I don't get "could not look good."
What do you mean by "look godd." If you can, be very specific: do you mean how the words actually look to the eye on the page? What do you mean, please?
I think my question gets right to the heart of what it is that those who write flarf are trying to do. I ain't convinced that I understand, but maybe if you clarify, I'll get closer.
Thanks.
Good question Steven. For "look good" you could substitute "be decorous" or "perform conventional decorum." Maybe I was being too idiomatic.
In other words, Flarf poems challenge the notion that any form of aesthetic decorum has an intrinsic moral value. In doing so, they reject the aestheticization of moral judgment.
At the same time, I would say that some Flarf poems are good, not because of how they look, but because of how they move and how they relate ideas.
Stan,
got it: particularly "perform conventional decorum". Thanks much!
And Stan, I most be bold here, even at the risk of being labeled a know-nothing provocateur, but I hereby challenge entirely your assertion that "Flarf writing initially emerged as a reaction to the absurd public discourse and jingoism of the U.S. response to 9-11 and the early years of the War in Iraq . . . ."
Reading your assertion a few days ago, it struck me as post-hoc boot-strapping. And my feeble research since indicates that it may well be just that.

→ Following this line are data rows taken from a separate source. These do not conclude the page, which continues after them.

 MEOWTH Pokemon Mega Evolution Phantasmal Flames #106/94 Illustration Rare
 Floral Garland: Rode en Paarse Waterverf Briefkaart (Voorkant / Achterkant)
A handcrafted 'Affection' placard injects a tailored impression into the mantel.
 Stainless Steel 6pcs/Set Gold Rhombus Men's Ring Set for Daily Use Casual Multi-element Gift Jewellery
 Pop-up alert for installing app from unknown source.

The Flarf list-serve began in May 2001.
Flarf, in other words, "initially emerged" months before 9/11 and the months of lies and crap that followed up to and in the Iraq war.
You aren't trying to re-write history to wrap the initial emergence of flarf in something that it wasn't, to somehow boost its appeal, are you?

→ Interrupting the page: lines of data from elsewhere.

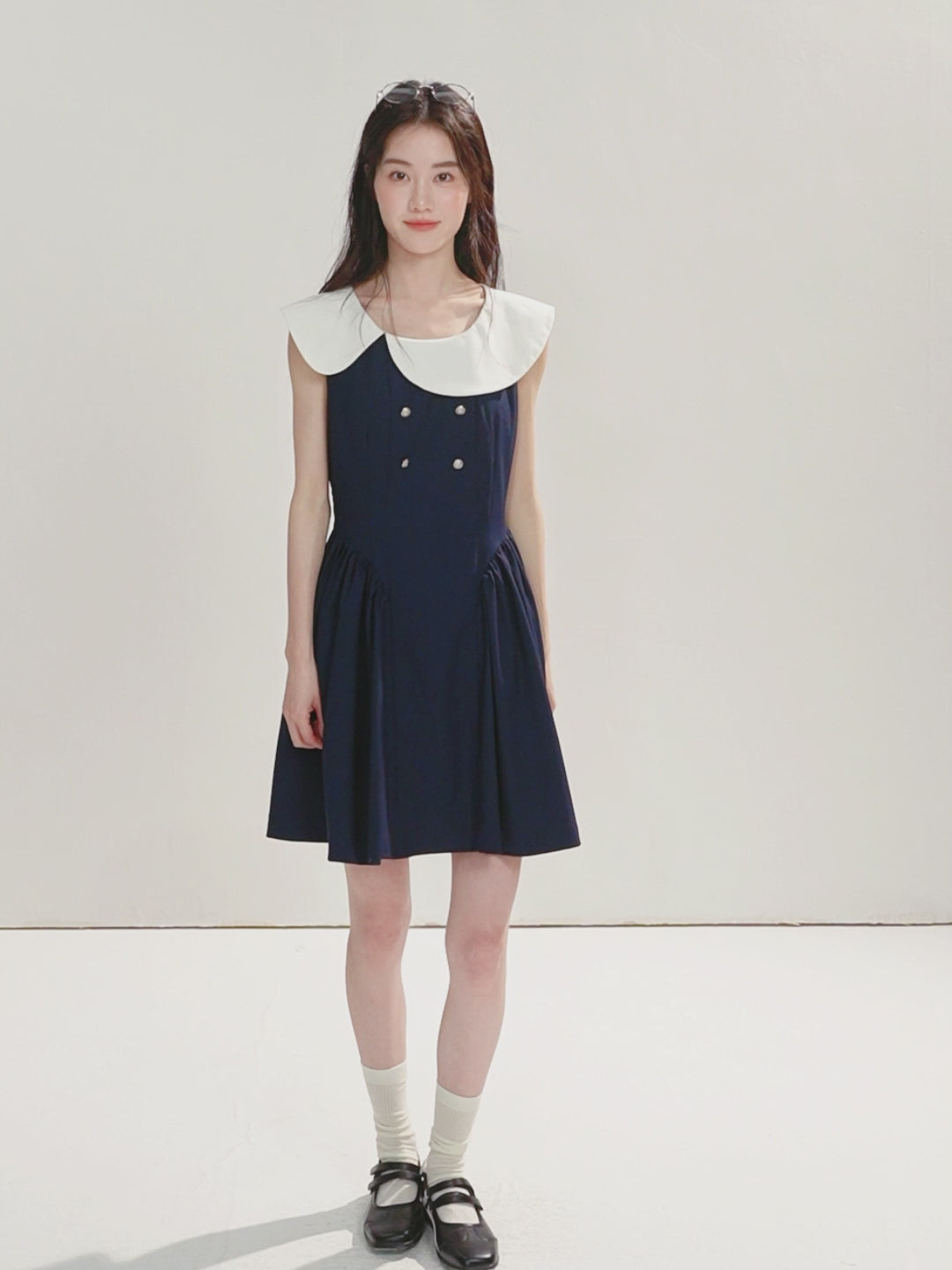 16DEWS 16D26271 Asymmetrical Peter Pan Collar Double-Breasted Waisted A-Line Dress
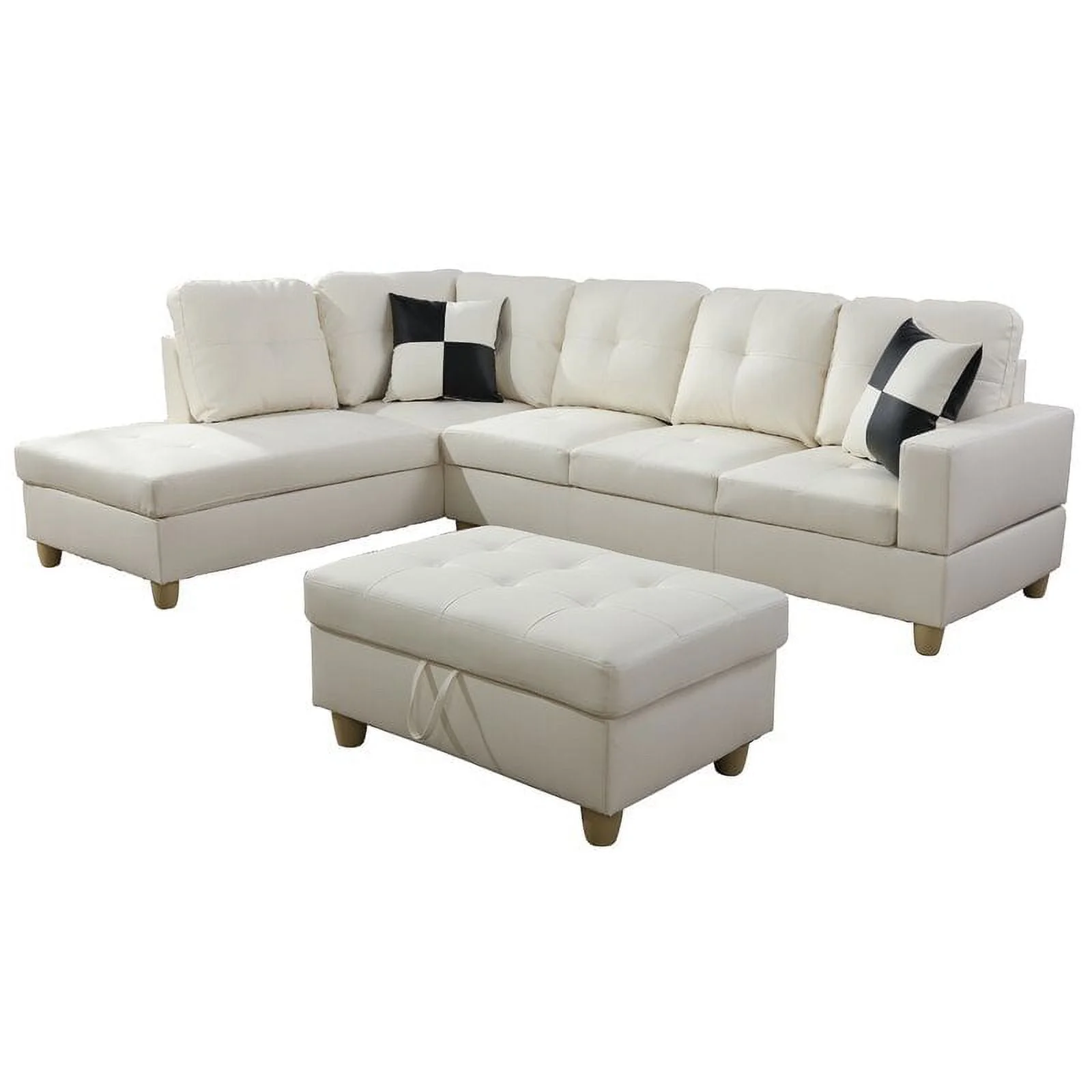 PonLiving Furniture Wellington Living Room Sectional with Ottoman / Upholstery Color: White, Orientation: Left Hand Facing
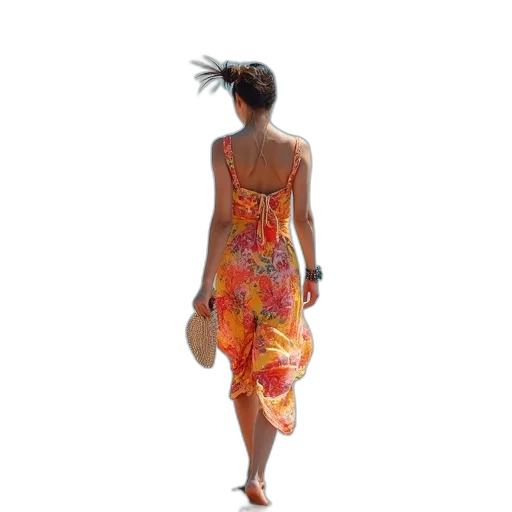 dress, colorful, neon, woman transparent PNG cut-out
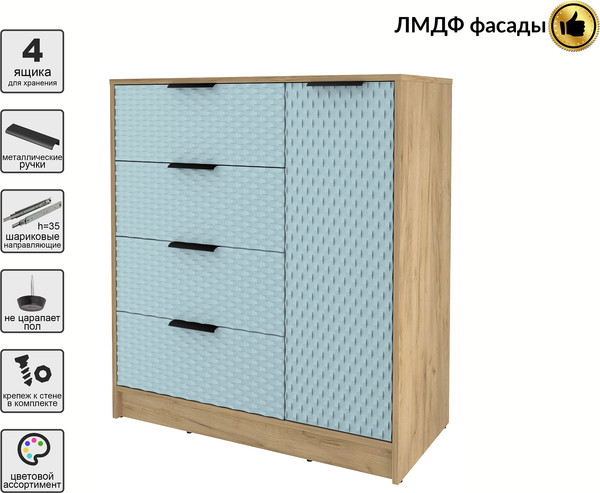 Изображение товара Тумба Interline Концепт КТ-Т90 Техно (дуб золотой/океан)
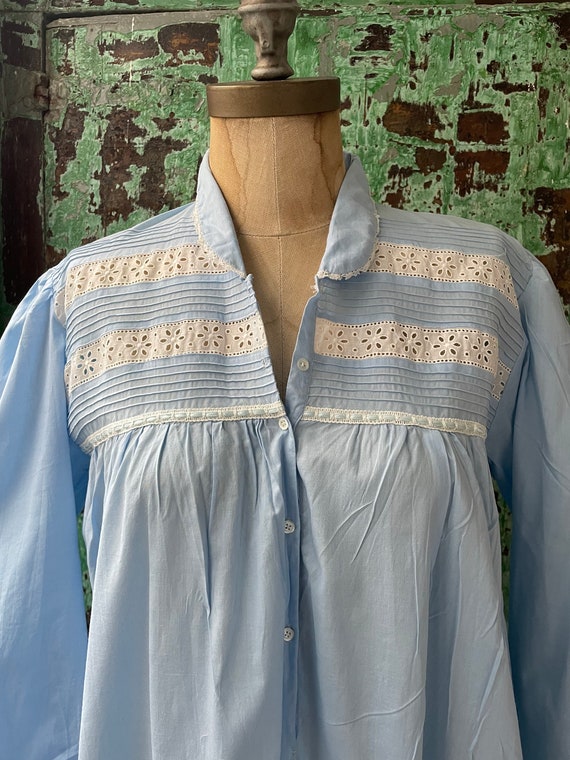 Vintage 1930s Blue Cotton Nightgown, Antique Long… - image 4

I mean it would give flarf a lot more shall I say "rigor" or "importance" or "intellectual ferocity" if instead of deriving from the tradition of "camp" it were the case that it's "initial" emergence was from post 9/11. But it appears the calendar doesn't support it. Nor does Gary Sullivan's long 2006 interview, with Tom Beckett, about the start of flarf.
I think you should put the 9/11 "initially emerged" assertion away. I think you should modify your original post.

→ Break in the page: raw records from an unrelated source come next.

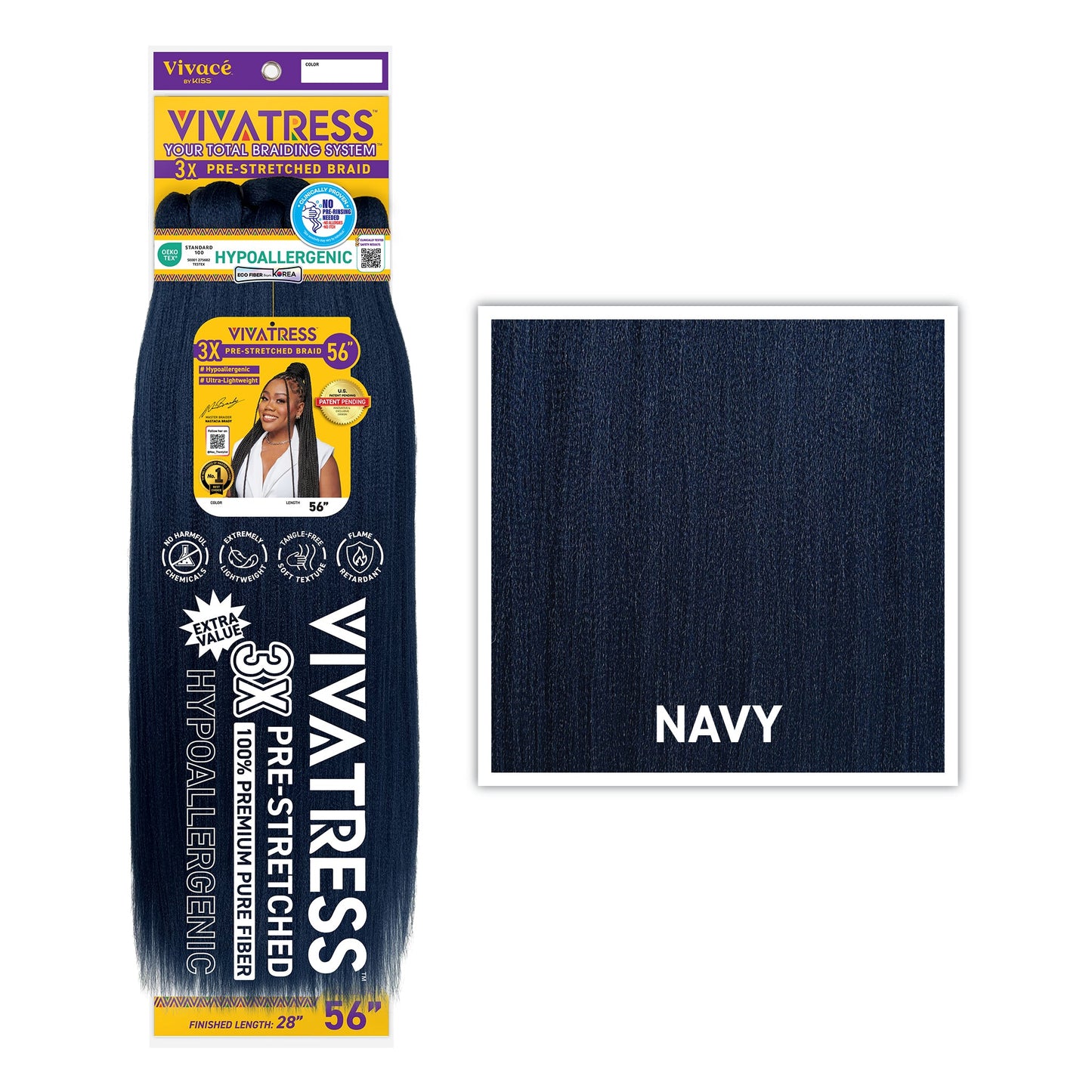 VIVATRESS 3X Pre-Stretched Braiding Hair 56" in Navy Blue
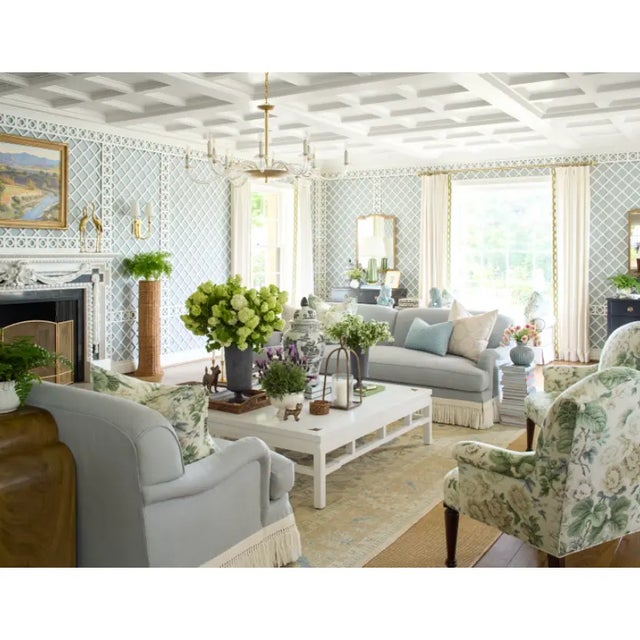 English Custom Miramar English Roll Arm Fringed Sofa For Sale - Image 3 of 8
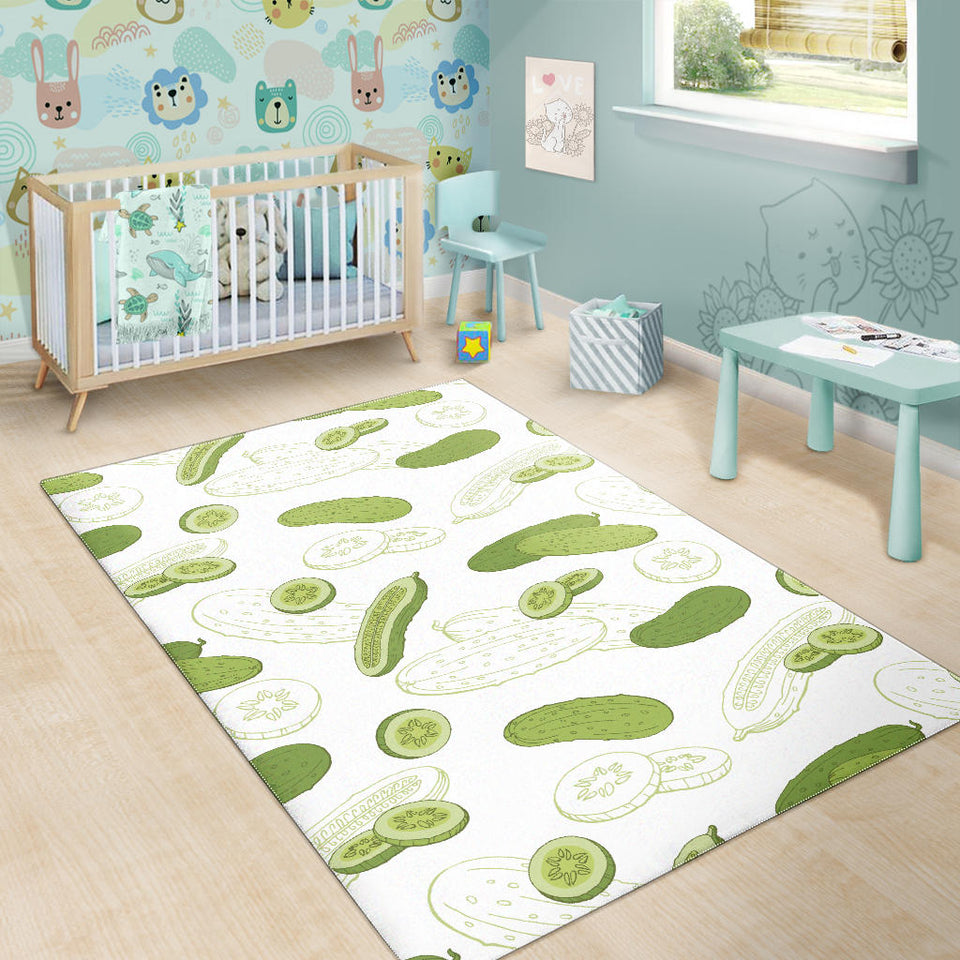 Cucumber Sketch Pattern Area Rug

It's also curious that nobody else, including apparently those who identify as flarf poets, has pointed what seems to me a clear error here. taken you up on this point here. It suggests either that people don't closely read what you write (which would be a shame, because you write well, with great ideas), a rather casual approach to chronology, or the existence of a group-think politeness of the kind that generally can be very unhealthy.
Hi Steven,
I think Flarf was in the process of emerging when 9-11 happened, and that that event strongly determined what the typical "Flarf" poem wound up looking like. I think that, without the influence of the corrosive post-9-11 atmosphere, there might have still been a "Flarf" movement, but that it would have been quite different. . . sillier and less caustic probably.
But I can't really answer highly specific questions of chronology, since I wasn't there. This is just my post-hoc understanding.
I agree that post 9/11 had an impact, a large one. And you can write long and hard about that.
It's the "initially emerged" assertion that's not right, and not right in an unfunky wrong way.
I understand you weren't there, but "highly specific" questions of chronology are essential to your assertion. I'm asking -- and I realize I have no authority to do this so please forgive me my impulse arises out of respect for your work here -- that you fact-check your theses when possible. And correct them when necessary (editing is easy in Blogger).
Especially since the facts are just a few clicks away.
Another piece of evidence/information, again just a click or two away: the post-mark on Gary Sullivan's "Mm-Hmm" poetry.com submission = January 28, 2000.
As I understand it Steven, the Flarflist was more a place for in-jokes in 2001, and the participants didn't begin to take the content there seriously (i.e. to see it as aesthetically significant or interesting) until late 2002 or 2003. So I see no reason to revise my post. Thanks for your input nonetheless.